Implantado en un solar estrecho y de carácter provisional, el proyecto convirtió las restricciones espaciales en un recurso compositivo. La intervención de Oud se concentró principalmente en la fachada, concebida como un plano autónomo capaz de organizar relaciones cromáticas, gráficas y volumétricas independientes de la estructura espacial interior. Esta separación entre envolvente y programa permitió trasladar al ámbito arquitectónico algunos principios del neoplasticismo, especialmente aquellos vinculados a la composición mediante planos, líneas ortogonales y campos de color.
El análisis del Café De Unie evidencia que su importancia reside en la precisión con la que establece una nueva relación entre arquitectura y comunicación urbana. Frente a la lógica tradicional de la fachada como expresión del volumen construido, Oud plantea una superficie activa, próxima al funcionamiento del cuadro abstracto, pero integrada en la escala de la ciudad. La composición cromática y tipográfica responde así a una necesidad concreta de identificación comercial, al mismo tiempo que introduce una reflexión sobre los límites de aplicar un lenguaje pictórico a una construcción arquitectónica convencional.

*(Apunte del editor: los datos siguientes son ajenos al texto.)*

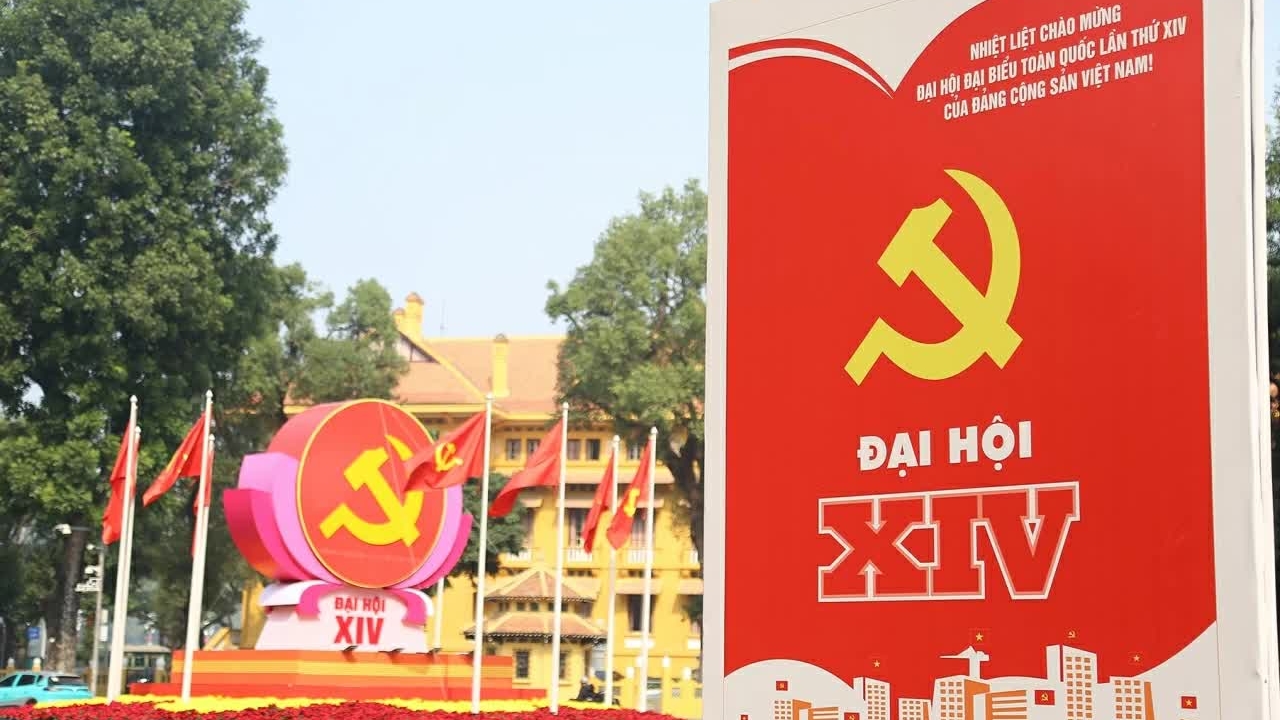 Bảo đảm Văn kiện Đại hội XIV trở thành động lực đổi mới tư duy và 
hành động, khơi dậy khát vọng phát triển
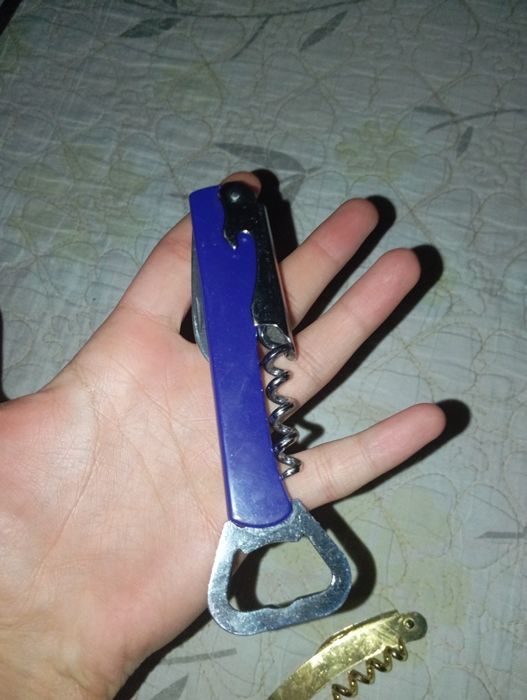 Нарзаники для работы в общепите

La ubicación del proyecto en el Korte Hoogstraat intensificó esta condición experimental. La fachada establece una relación de contraste con la arquitectura existente y plantea una tensión entre la permanencia del tejido urbano histórico y la condición temporal de las nuevas formas arquitectónicas de la modernidad.

2. La Dialéctica Oud-De Stijl: Divergencias Teóricas y Praxis Arquitectónica
La comprensión del Café De Unie requiere considerar la red de relaciones intelectuales, profesionales e institucionales que configuró el desarrollo de las vanguardias neerlandesas durante las primeras décadas del siglo XX. J. J. P. Oud ocupó una posición singular dentro de este contexto debido a su doble condición de arquitecto vinculado a De Stijl y responsable de la planificación residencial de Róterdam como arquitecto municipal. Esta situación lo situó entre dos ámbitos de actuación: por un lado, las investigaciones abstractas del movimiento; por otro, las exigencias técnicas, sociales y constructivas derivadas de la práctica arquitectónica cotidiana.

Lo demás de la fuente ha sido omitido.